When people decide to get a pet rabbit they sometimes tell me they would only be comfortable buying a new baby rather than adopting from a rescue group. “Don’t worry,” they say, “We’ll only buy from a very reputable breeder”. When I tell them it’s better to adopt from a reputable rescue rather than buy from a breeder, they say, “We know we really should adopt, but we want a perfect, healthy bunny. We want a ‘new’ one”.

Although adoption is certainly the humane thing to do – it helps save the adopted bunny’s life, helps save the lives of countless other rabbits waiting for shelter space, doesn’t contribute to the miserable lives of “breeder does” confined to producing litter after litter, and doesn’t financially support an industry that puts profit over the wellbeing of companion animals – adoption is not only better for the rabbit, it is better for the adopter too. There are several compelling reasons why…

When you adopt from a good rabbit rescue, you get an adult, socialised, spayed or neutered, litter-trained and known bunny.

Adult There will be no big hormonal changes when a bunny goes through puberty – because he’s already gone through puberty – no behavioural problems for the adopter to deal with, no changes in personality. What you see is what you get, with no unwelcome surprises.

Socialised The adopted bunny won’t be fearful, biting, hiding, cage-defensive, catatonic, etc. Rescuers get bunnies like this all the time. But we work with them for as long as they need before making them, when they are ready, available for adoption.

Spayed/Neutered For many health and behavioural reasons, spaying and neutering is recommended. For one thing, spaying eliminates the risk of uterine cancer, that can affect 50% to 80% as the females age. People who adopt spayed/neutered rabbits enjoy all the benefits (improved health, better litter-training, a bunny who’s not living at the mercy of his/her hormones) without the stress and expense of going through a surgical procedure and recovery period.

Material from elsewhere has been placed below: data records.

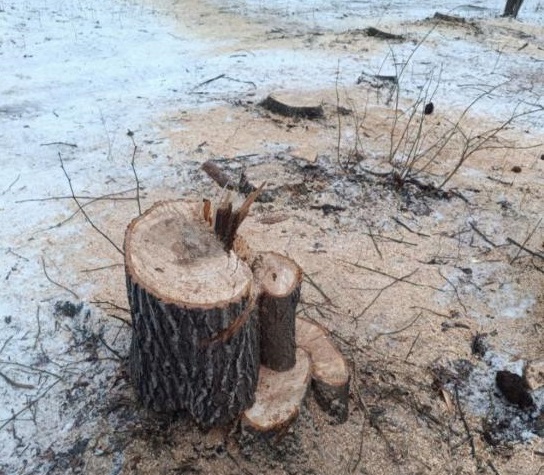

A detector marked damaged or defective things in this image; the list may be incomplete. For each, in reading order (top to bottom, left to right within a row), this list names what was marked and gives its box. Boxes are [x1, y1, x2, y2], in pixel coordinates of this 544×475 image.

broken wood shard [260, 93, 324, 119]
broken wood shard [125, 201, 260, 428]
broken wood shard [254, 253, 304, 372]
broken wood shard [242, 348, 310, 434]
broken wood shard [298, 318, 348, 422] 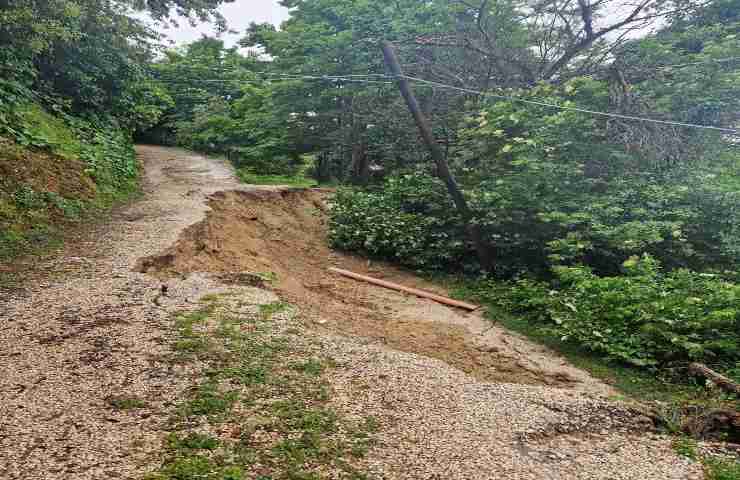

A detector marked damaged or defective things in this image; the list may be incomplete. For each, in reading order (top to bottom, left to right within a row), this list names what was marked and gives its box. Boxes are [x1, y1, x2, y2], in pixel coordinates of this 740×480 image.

landslide damage [137, 188, 612, 390] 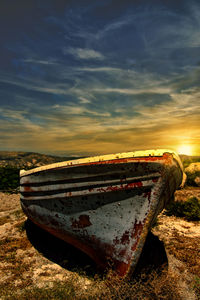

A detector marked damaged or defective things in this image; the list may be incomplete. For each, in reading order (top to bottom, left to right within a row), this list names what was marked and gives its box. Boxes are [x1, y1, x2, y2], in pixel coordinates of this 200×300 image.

peeling paint on hull [19, 149, 184, 276] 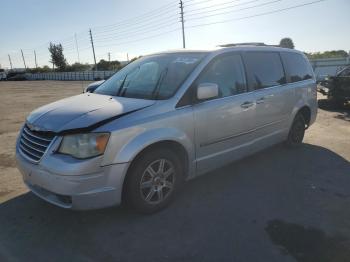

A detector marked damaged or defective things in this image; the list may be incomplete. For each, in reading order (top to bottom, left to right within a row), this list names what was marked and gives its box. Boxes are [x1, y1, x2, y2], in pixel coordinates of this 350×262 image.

damaged hood [26, 93, 154, 133] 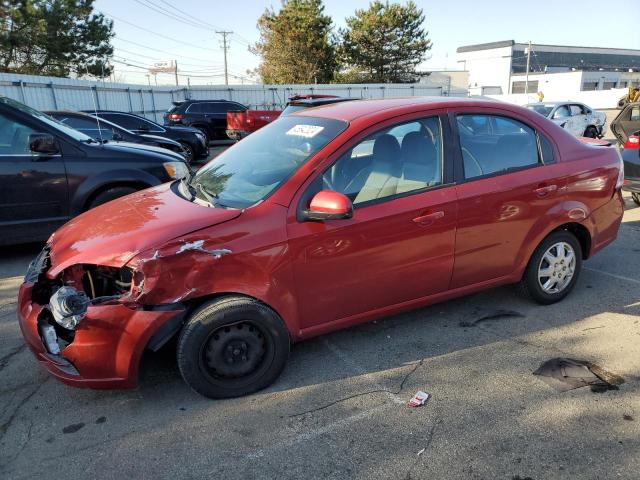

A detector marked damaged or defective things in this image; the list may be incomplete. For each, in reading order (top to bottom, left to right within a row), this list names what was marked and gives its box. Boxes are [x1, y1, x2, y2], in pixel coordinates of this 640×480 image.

crushed front end [18, 246, 182, 388]
front bumper damage [16, 246, 185, 388]
dented hood [47, 183, 241, 276]
damaged red car [17, 96, 624, 398] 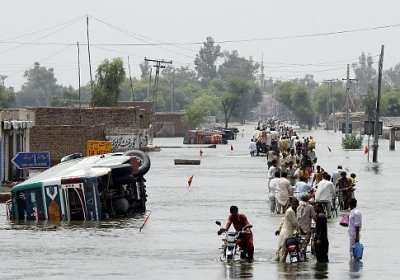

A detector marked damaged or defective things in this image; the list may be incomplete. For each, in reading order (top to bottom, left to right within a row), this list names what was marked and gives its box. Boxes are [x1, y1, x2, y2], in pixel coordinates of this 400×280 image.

overturned truck [7, 150, 151, 222] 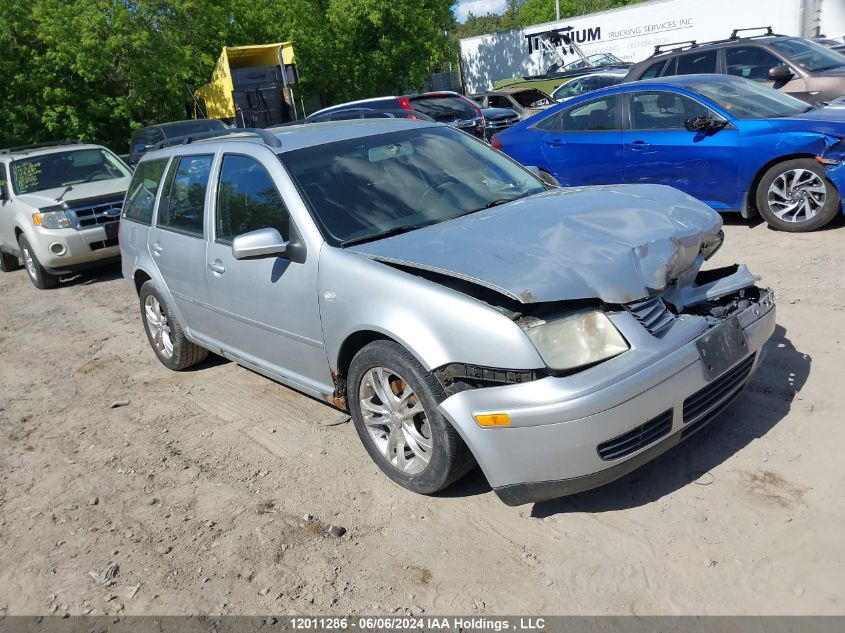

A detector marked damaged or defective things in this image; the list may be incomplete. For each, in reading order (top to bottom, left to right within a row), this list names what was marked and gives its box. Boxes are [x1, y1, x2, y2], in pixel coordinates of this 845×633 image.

exposed headlight [32, 210, 70, 230]
crumpled hood [12, 178, 129, 210]
crumpled hood [350, 183, 720, 304]
exposed headlight [700, 230, 724, 260]
damaged white car [120, 118, 780, 504]
damaged silver car [120, 119, 780, 504]
exposed headlight [520, 310, 628, 370]
cracked headlight lens [520, 312, 628, 370]
broken front bumper [438, 288, 776, 506] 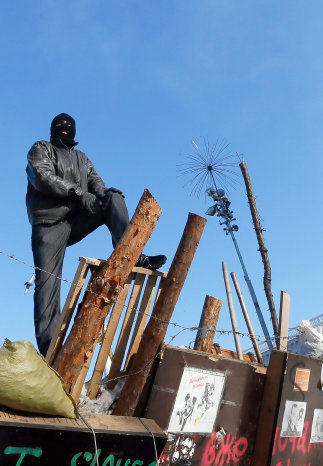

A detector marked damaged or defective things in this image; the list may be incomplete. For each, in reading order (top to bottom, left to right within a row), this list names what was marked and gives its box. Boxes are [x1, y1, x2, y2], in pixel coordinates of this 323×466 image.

rusted metal surface [53, 189, 165, 396]
rusted metal surface [114, 213, 206, 416]
rusted metal surface [194, 294, 221, 354]
rusty metal panel [144, 344, 266, 464]
rusted metal surface [146, 344, 268, 464] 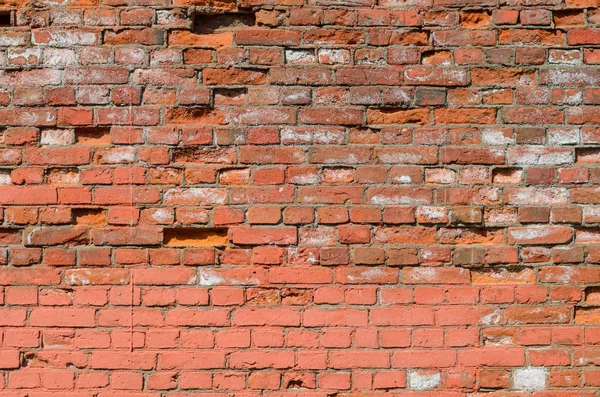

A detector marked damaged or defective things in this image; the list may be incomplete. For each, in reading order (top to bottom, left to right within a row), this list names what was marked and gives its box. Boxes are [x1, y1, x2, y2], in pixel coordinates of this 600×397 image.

missing brick gap [163, 227, 229, 246] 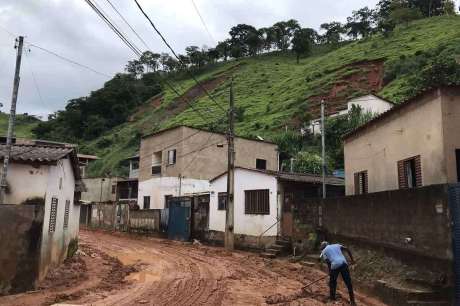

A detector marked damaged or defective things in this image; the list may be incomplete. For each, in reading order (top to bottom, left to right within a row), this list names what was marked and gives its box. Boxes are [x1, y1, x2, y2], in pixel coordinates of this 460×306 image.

damaged road surface [0, 231, 388, 304] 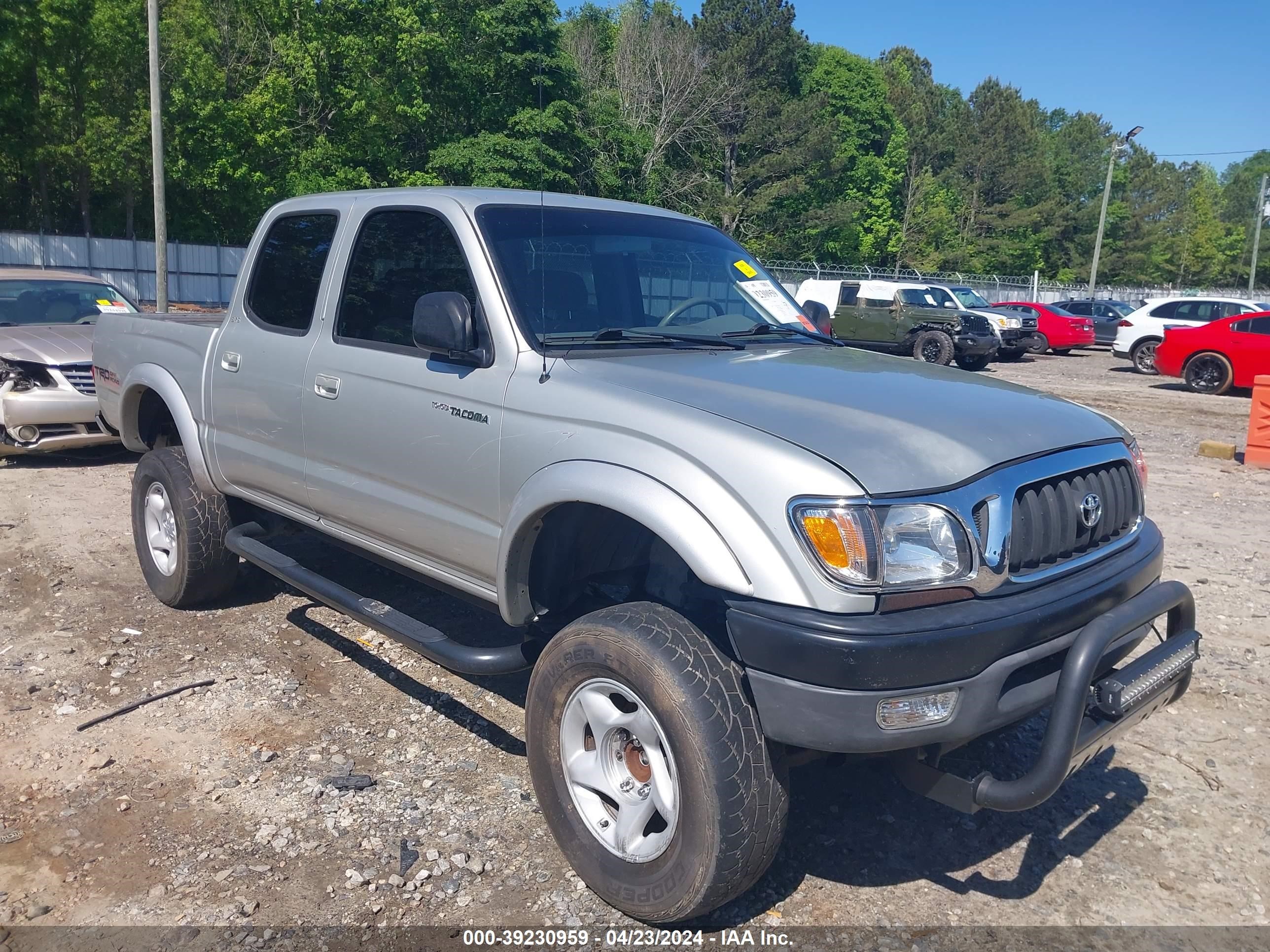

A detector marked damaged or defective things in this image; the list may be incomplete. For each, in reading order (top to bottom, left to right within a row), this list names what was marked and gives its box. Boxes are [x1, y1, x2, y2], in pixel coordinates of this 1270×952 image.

damaged sedan [0, 269, 130, 459] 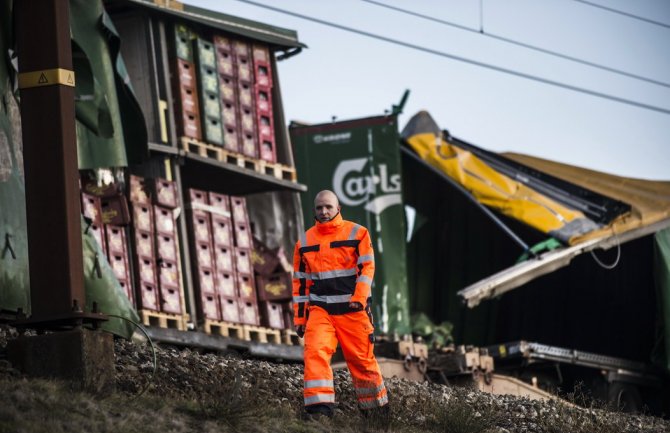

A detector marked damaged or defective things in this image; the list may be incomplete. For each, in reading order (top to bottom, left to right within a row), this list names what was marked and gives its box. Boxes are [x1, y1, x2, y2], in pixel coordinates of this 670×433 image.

rusty metal beam [14, 0, 86, 320] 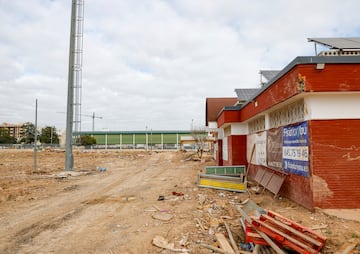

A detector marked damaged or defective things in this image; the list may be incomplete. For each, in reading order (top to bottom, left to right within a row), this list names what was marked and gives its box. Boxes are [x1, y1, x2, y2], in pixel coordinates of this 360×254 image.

damaged facade [205, 38, 360, 210] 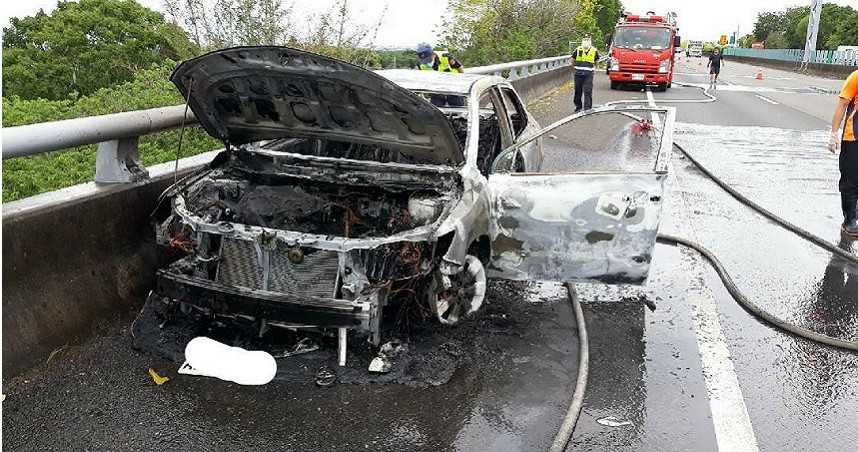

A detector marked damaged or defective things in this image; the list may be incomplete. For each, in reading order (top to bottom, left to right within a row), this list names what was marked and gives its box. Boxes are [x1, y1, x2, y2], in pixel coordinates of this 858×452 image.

charred car hood [172, 46, 462, 165]
burned car [144, 46, 672, 364]
burnt car door panel [484, 106, 672, 284] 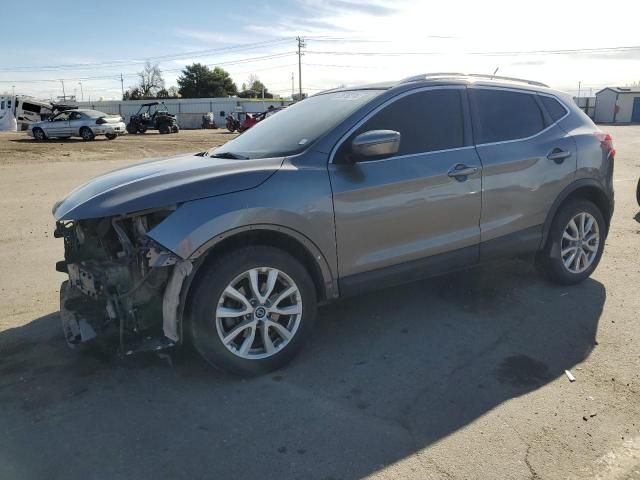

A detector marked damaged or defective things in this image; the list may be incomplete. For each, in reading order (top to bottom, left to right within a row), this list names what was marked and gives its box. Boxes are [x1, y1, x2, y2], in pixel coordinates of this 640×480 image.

damaged front end [54, 208, 190, 354] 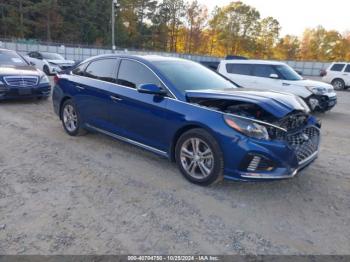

Litter-trained Need I say more?

Known Chances are that the adopted rabbit, who by this time will have lived weeks, months or even years in responsible foster care, will likely have already experienced any latent illnesses or conditions to which he may be prone. This is not to say that a healthy bunny won’t get ill later in life. But if a rabbit has, for instance, a dental problem, the fosterer will have found out and rectified it, and will inform the adopter about it. If a bunny cannot reach to eat her caecal droppings or perform other tasks, the fosterer will know, will know why, and will have rectified (or at least started to rectify) the problem with good vet care and/or diet adjustment, and will inform the adopter as to that bunny’s complete needs. If the bunny likes kale or hates carrot, if he loves to play ball, if he fears children or likes cats or needs to be carried in a certain way or prefers a particular litter, the fosterer will know and will be able to share the information with the adopter, before adoption. And the fosterer will be able to follow up afterwards, too.